It was about 1940 when I first came to Carlton. I was twenty one years old. My mother, my brother and I were renting a place in Parkville and it was very crowded. We had the opportunity to come in here, and we have lived in this house ever since. My mother owns it now; she's ninety one.

There were very few motor cars about, only about two in the street. Most of the people here were Jewish; the Jews started moving here from overseas in about 1938. The first stop off place for most of them was North Carlton. They couldn't say Pigdon Street, but said 'Piggiea don' Street. As they gradually got into business and made more money, they moved to St. Kilda or Caulfield or Malvern. There are very few of them live here now. One Jewish businessman built a big house down this street. It cost thousands of pounds at the time. He was one of the big men of the business world. The Australians here called the Jewish people, 'five by twos', they didn't call them Jews. But there weren't many Australians lived here in the area, only four or five families.

The Jewish people seemed to keep to themselves mainly. Some of them couldn't speak very much English, but eventually they learnt more. They got into clothing manufacturing. I worked for one for a few months down in Fitzroy. They wouldn't have me in the army as I've got deformed feet. Through the war I had to go into an engineering place down Carlton that did war work. I was directed to go there by the Director of Affairs. And after that, the engineers' strike came and I worked for a little while in the Jewish business. Then I went to work for the Salvation Army, the Bethesda Hospital in Richmond. The train went through North Carlton, through here and down to North Richmond. I could get off there and walk up the street to the hospital. They stopped the running of the train after a while, so I had to give it away. I went to work in Brunswick at Stokes and Son where I could walk to work and I stayed there ever since. Thirty three years.

Down in Lygon Street there was a fruiterer who was a Jew, and a chemist and the grocer. They had very good custom there and the fruiterer used to deliver the fruit as well. He gave us a reasonably good go.

After the war things were pretty scarce until industry went back to peacetime conditions. There were very few refrigerators or washing machines or anything like that. We had an old ice chest and the ice man came around with the ice. You used to boil the clothes in the copper. The bath heater was a chip heater, in which we lit the fire with the chips and sticks and little bits of wood.

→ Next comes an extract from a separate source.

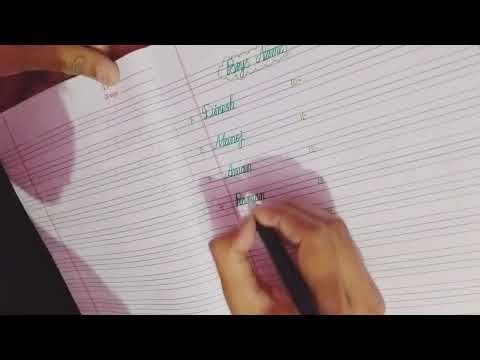 Boys names written in cursive handwriting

Quite a few Italians live here now, all around this area. That made a difference to some of it. You can see quite a change in a lot of the buildings. I worked with a few Italians, and they seemed to be all right.

Around here there are two or three of them who have got their own businesses, builders and so on. They seem to be a decent class of people. They're not any sort of standover or anything like chat; they just come and go to the work and their business.

We never have any trouble with them. There is an old lady who lives next door to one Italian family. They see that she's all right, all the time. She's in her seventies.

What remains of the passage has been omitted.